Signatur: BArch, MfS, HA XXII, Nr. 136, Bl. 114-119
Die Stasi vergleicht die Entführung von Hanns Martin Schleyer durch die RAF und die Entführung von Aldo Moro durch die italienischen Roten Brigaden.
Die 1970 gegründete Rote Armee Fraktion (RAF) war eine linksterroristische Gruppe in der Bundesrepublik Deutschland. Die Staatssicherheit sammelte zunächst Informationen über die Terroristen, beobachtete deren Aktivitäten und duldete ihre Reisen in den Nahen Osten über den Ostberliner Flughafen Schönefeld. In den 80er Jahren intensivierten sich die Kontakte und die Staatssicherheit bot zehn RAF-Aussteigern Unterschlupf in der DDR. Zudem trainierte das MfS einige Terroristen im Umgang mit Waffen.
Am 5. September 1977 entführten Mitglieder der RAF den Präsidenten der Bundesvereinigung der Deutschen Arbeitgeberverbände und des Bundesverbands der Deutschen Industrie, Hanns Martin Schleyer. Ein Jahr später, am 16. März 1978 wurde in Italien der christdemokratische Politiker Aldo Moro von Mitgliedern der Roten Brigaden entführt. Das MfS verglich die beiden Entführungen im vorliegenden Papier miteinander.
Beide Fälle wiesen hinsichtlich ihrer Durchführung und der Absichten der Täter gewisse Parallelen auf. Bei dem vorliegenden Dokument handelt es sich um einen durch das MfS angestellten Vergleich der beiden Aktionen. Im Anhang befinden sich Tatortskizzen und Bilder der Entführungsopfer, die der westdeutschen Presse entnommen wurden. Die erklärende Legende zur Tatortskizze der Entführung von Aldo Moro wurde vom MfS ergänzt.
Zunächst wird der genaue Tathergang der Entführung von Aldo Moro rekonstruiert. Das MfS bezeichnet die linksterroristische Untergrundorganisation der Roten Brigaden fälschlicherweise als "neofaschistische Organisation". Im weiteren Verlauf werden die Unterschiede und Gemeinsamkeiten der beiden Entführungen dargestellt und die professionelle Vorbereitung der Taten betont. Der Vergleich der Tatortskizzen und der deckungsgleiche Duktus der Fotos verdeutlicht die große Ähnlichkeit der beiden Entführungen.

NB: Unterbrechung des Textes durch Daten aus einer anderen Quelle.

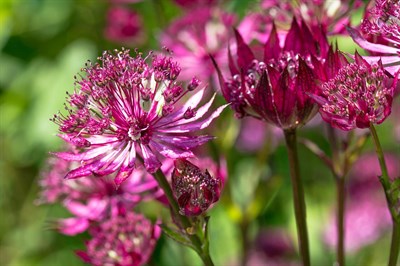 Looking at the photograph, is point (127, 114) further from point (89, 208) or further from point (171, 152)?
point (89, 208)

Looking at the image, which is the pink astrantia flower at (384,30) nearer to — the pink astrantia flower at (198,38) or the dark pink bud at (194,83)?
the dark pink bud at (194,83)

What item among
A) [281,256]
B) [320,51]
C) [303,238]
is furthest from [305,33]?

Das Dokument geht weder auf die tieferen Beweggründe der Täter, noch auf den Ausgang der Entführungen ein. In beiden Fällen sollten in Haft sitzende Gesinnungsgenossen der Terroristen freigepresst werden. Beide Entführungen scheiterten. Bei der Schleyer-Entführung starb Hanns Martin Schleyer, die RAF-Mitglieder blieben in Haft und begingen in der Folge Selbstmord in der Haftanstalt Stuttgart-Stammheim. Auch Aldo Moro wurde, als es nicht zur Freilassung der Terroristen kam, erschossen und wie Hanns Martin Schleyer im Kofferraum eines Fahrzeugs aufgefunden.

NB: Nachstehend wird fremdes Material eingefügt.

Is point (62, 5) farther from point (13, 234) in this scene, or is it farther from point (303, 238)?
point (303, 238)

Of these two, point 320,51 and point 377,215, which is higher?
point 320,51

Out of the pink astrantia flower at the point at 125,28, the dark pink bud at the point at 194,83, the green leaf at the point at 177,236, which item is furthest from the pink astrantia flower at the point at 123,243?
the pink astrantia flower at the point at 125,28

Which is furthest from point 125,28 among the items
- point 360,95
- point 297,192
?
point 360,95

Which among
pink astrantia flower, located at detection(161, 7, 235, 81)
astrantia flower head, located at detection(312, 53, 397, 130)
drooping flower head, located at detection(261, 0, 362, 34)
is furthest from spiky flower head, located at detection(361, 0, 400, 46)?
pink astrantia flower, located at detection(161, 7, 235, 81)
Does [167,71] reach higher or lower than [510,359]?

[Auf diesem Blatt sind Tatortskizzen zu den Entführungen von Aldo Moro und Hans-Martin Schleyer zu sehen]
Tatort-Skizzen
Moro-Entführung
[Bei der ersten Tatort-Skizze handelt es sich um einen Beitrag aus der Tageszeitung "Die Welt". Die Skizze zeigt eine Straßenkreuzung in Rom und in einem kleineren Ausschnitt, im linken oberen Bildrand, den Teil des Stadtplans von Rom, in dem sich das Attentat ereignete. Es handelt sich um die Kreuzung der Straßen Via Stresa und Via Fani.

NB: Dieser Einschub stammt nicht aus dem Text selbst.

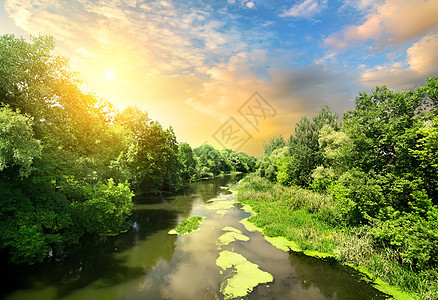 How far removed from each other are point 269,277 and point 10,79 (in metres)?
20.9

Auf der Via Stresa sind an der Kreuzung zwei Fußgängerübergänge markiert. Auf der Via Fani sind auf der Skizze fünf Autos eingezeichnet. Drei der Autos stehen hintereinander, die anderen beiden Autos stehen rechts und links neben dem, in der Dreierreihe mittig platzierten Auto. Die Autos sind mit Pfeilen versehen, eine liegende Person ist rechts neben dem hintersten Auto der Dreierreihe eingezeichnet.
Zusätzlich zu den Pfeilen wurden die Autos, durch das MfS mit handschriftlichen Zahlen versehen. Aus der angefügten Legende kann man entnehmen, dass es sich bei dem ersten Auto der Dreierreihe um das "Blockierungsfahrzeug der Täter mit gefälschtem CD-Kennzeichen" handelt. Das zweite Auto befindet sich direkt dahinter und ist in der Legende mit dem Hinweis "Kfz. der Persönlichkeit" versehen.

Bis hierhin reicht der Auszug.